Moral resolve is like this. A noble person does not do good because of willpower. She does it through a combination of, on the one hand, modesty about self, and, on the other hand, faith in a higher purpose, a higher meaning, in powers more potent than self-will. Such a person is not moral through gritted teeth. She is at ease in goodness.
Buddhism revolves around the idea of refuge. One takes refuge not from a position of strength but from a position that acknowledges weakness. Right-mindedness is self-diminishment plus gratitude for higher guidance and assistance. For a Buddhist, the source of guidance and assistance is the Buddha, the dharma, and the sangha. Since the dharma is the teaching of Buddha and the sangha is the community of Buddha, the core of refuge is the Buddha himself.

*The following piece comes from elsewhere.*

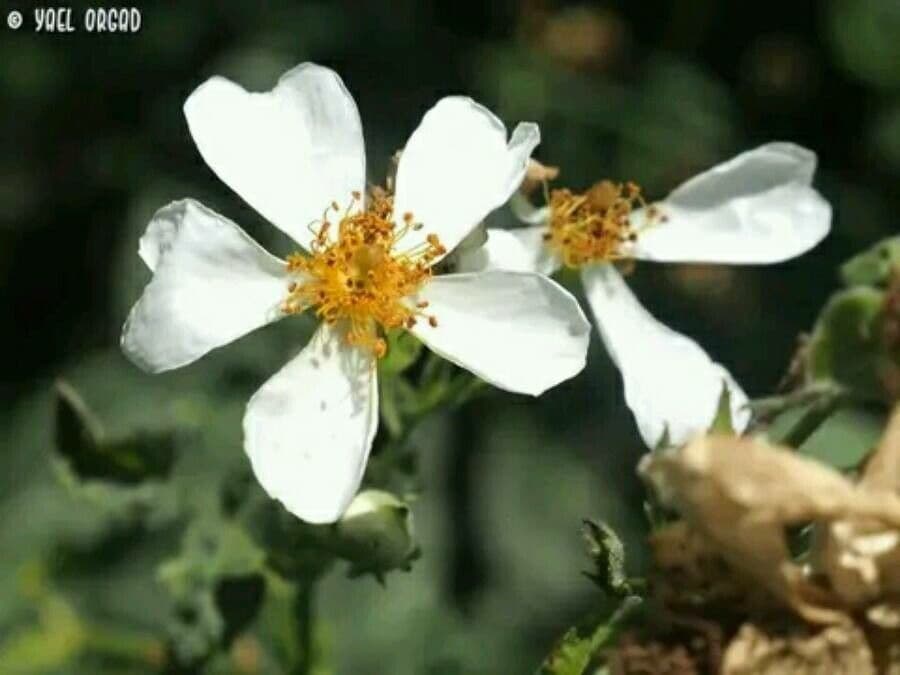 Rosa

Other-power thus came to mean allowing Buddha to work in, on, and for us by reducing our self-estimation, willfulness, ambition, and conceit. The core attitudes here are gratitude and assurance: gratitude for the awakened one who “has-come-to-us” (Japanese, Nyorai; Sanskrit, Tathagata), and assurance that comes from confidence in the power and process that result from our taking refuge therein. From such gratitude the traditional virtues such as generosity, energy, patience, balance, foresight, and morality flow naturally without special effort. From such assurance flows a confidence that takes away the need to grasp at short-term personal gain or be ever vigilant in self-defense. In this way, right-mindedness naturally gives rise to right behavior. It is not a case of achieving morality by will-power as a necessary basis for mental cultivation—such a method is self-defeating and ignores the inherent weakness of the individual. In sutra after sutra, the Buddha tries to combat the folly of conceit. Conceit says, “I can do this; I am a special case; I will not reap the consequences that others reap.” Wisdom says, “I cannot do this by my own power; I am not a special case; I, like all others, am subject to suffering and impermanence; all dharma is non-self.” For one who has such faith, morality is not rule-keeping, it is naturalness.